Q1: Discrepancy signal granularity

A1: Thank you for raising this insightful question. We intentionally design the discrepancy feature as a sequence-level reconstruction error to achieve greater robustness and generalization, especially in the first phase of our three-stage training pipeline. This design aligns with our coarse-to-fine learning strategy, where early stages focus on global guidance and later stages handle finer representations. While finer-grained signals (e.g., point-wise or channel-wise errors) may capture local anomalies, the presence of distribution shifts between external and target datasets can make these fine-grained discrepancies prone to overfitting. This may introduce harmful biases into the downstream representation learning of the ACL module and compromise its generalization ability. To validate our design choice, we implemented and compared the following discrepancy feature variants. Results are included in Appendix E Discrepancy Estimator Study: As shown in the table above, while alternatives Channel-wise MSE vector and Point-wise error sequence capture more local detail, they yield inferior performance compared to our scalar sequence-level discrepancy. We attribute this to their sensitivity to non-generalizable local noise patterns from external data, which can introduce instability in early-stage training and hinder the learning of transferable features. Moreover, we emphasize that this discrepancy signal is only used in the first stage as a weak, auxiliary cue. It is later refined and complemented by the multi-level Adaptive Contrastive Learner (ACL), which captures detailed temporal and spatial structures. Therefore, our choice reflects a principled balance between stability, generality, and progressive refinement, and we find it to be both effective and practical across diverse tasks.

Q2: Loss complexity and its hyperparameter stability

A2: We appreciate this constructive comment and have added a detailed sensitivity analysis in Appendix G.2. To clarify, the 1:1:1:1 weights for the four hierarchical loss components follow prior work [2], which established this as a stable default. Our analysis in added Appendix D2 further supports this configuration's robustness. For the view-level loss $L_V$, we conducted additional experiments by varying its weight. Limited by the size request, we can only put part of the result herein, more results will be shown in added Table D1,The key findings are:

• Effectiveness: Including $L_V$ significantly improves performance, confirming its necessity.
• Saturation: Performance gains diminish as the weight increases, plateauing around a weight of 2.
• Robustness: A weight of 2 provides consistently strong results across all datasets.

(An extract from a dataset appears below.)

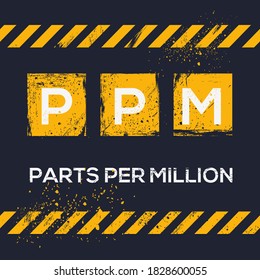 PPM mean (Parts Per Million),Vector illustration.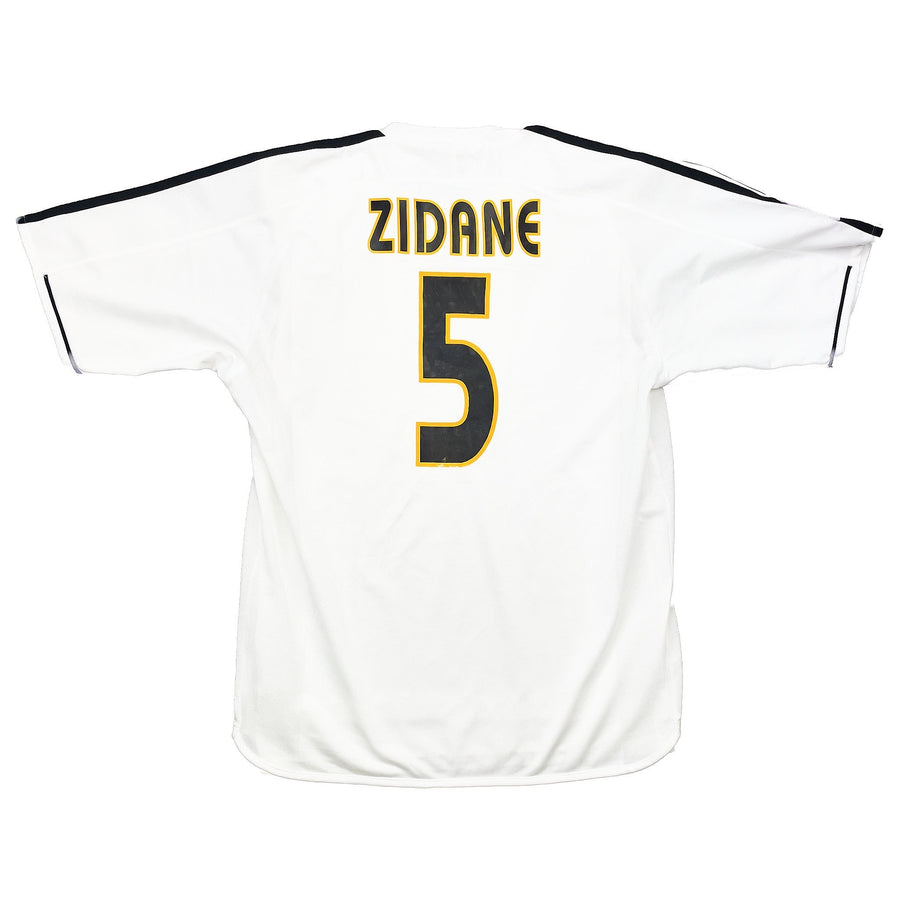 Camiseta de casa del Real Madrid de Zidane #5 *versión jugador* 2003/04 (L) Adidas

In summary, our proposed loss design, including the weight for $L_V$, is both effective and robust. We have noted that a joint optimization of all weights is a promising direction for future work.

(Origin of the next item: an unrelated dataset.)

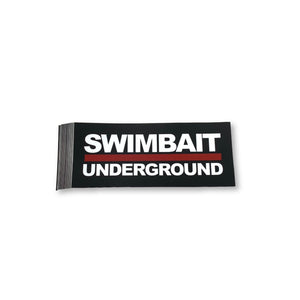 Swimbait Underground Logo Lock Up Sticker - Black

Q3: About the risk of distribution mismatch between external data and target data

A3: Thank you for this thoughtful and important question. We agree that relying on external normal data assumes a certain level of domain alignment. In practice, however, our external and target datasets exhibit notable differences, including variations in population demographics and acquisition protocols. For example, in the AD task, the external dataset ([1]) has an average subject age of 63.6 years, while the target dataset ([2]) has an average age of 72.5 years. When training the Discrepancy Estimator (DE) using this external dataset, we indeed observe signs of negative transfer—specifically, in Table 2, the AUROC of COMET+DE drops from 94.44 to 93.97. Despite this, DAAC still outperforms both COMET+ACL and COMET+DE in the same setting, as shown in Table 2. This suggests that the Adaptive Contrastive Learner (ACL) effectively mitigates the potential negative impact introduced by domain-shifted external data, and in some cases, even corrects for suboptimal guidance from the DE. This robustness highlights the strength of DAAC’s multi-stage design in handling real-world domain variability. We have added the related discussion in Appendix C3.

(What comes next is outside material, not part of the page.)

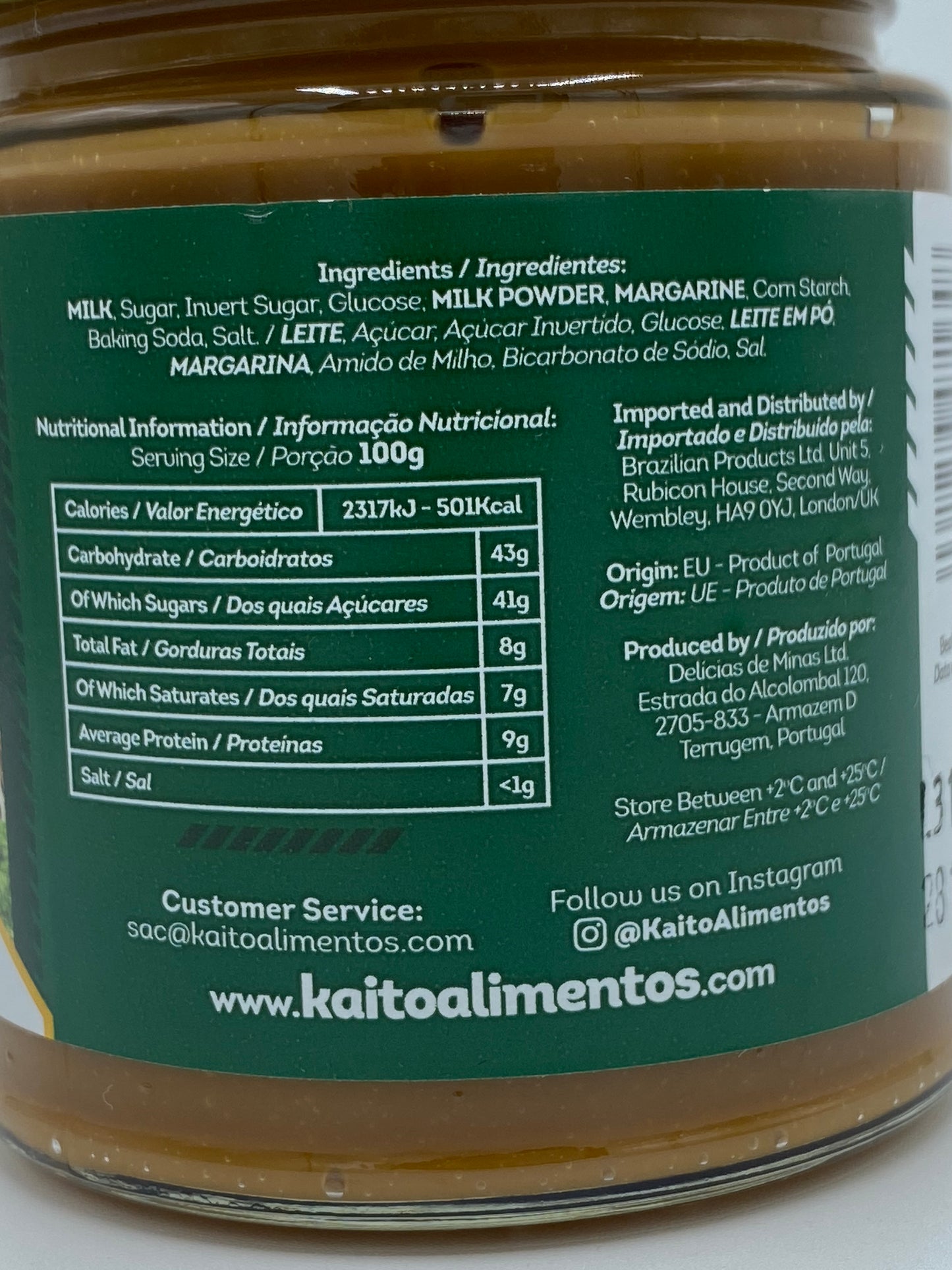 Doce de Leite Cremoso   - Caramel and milk Spread - 350g - Kaito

Q4: The proposed method was tested on only 2 medical modalities, EEG and ECG. What are the next target modalities in the medical domain? How about outside of the medical domain?

A4: Thank you for this constructive question. Although our current experiments are limited to EEG and ECG modalities, DAAC is designed as a general and extensible framework for learning representations from hierarchical electrophysiological signals, and is not restricted to specific data types. In future work, we plan to extend DAAC to additional modalities that share similar structural properties, including but not limited to: EMG, ECoG, MEG, fNIRS, PPG, respiratory signals, and GSR. These modalities are widely used in clinical diagnostics, cognitive neuroscience, and human-computer interaction, and typically exhibit clear subject， trial, epoch, and temporal organization, which aligns well with DAAC's multi-level contrastive learning strategy. We believe that applying DAAC to these broader signal types will not only validate the method’s generalizability, but also greatly enhance its practical utility across diverse real-world applications. While our current work focuses on medical time-series, we believe DAAC can also be applied to domains such as fault diagnosis, predictive maintenance, and battery life prediction. These tasks often involve hierarchical time-series and have abundant healthy data but limited labeled faults—conditions that align well with DAAC’s design, particularly the use of external normal data for discrepancy estimation. We see this as a promising future direction.

Q5: The authors state that “We explicitly discuss limitations in Section 6”, but the main text ends with “5 Conclusion”. Where is the section 6?

A5: Thank you for pointing this out. This was a formatting oversight in our submission. The limitations are indeed discussed in the final part of Section 5 (Conclusion). We have corrected the section reference and will ensure that this is clearly marked in the revised version.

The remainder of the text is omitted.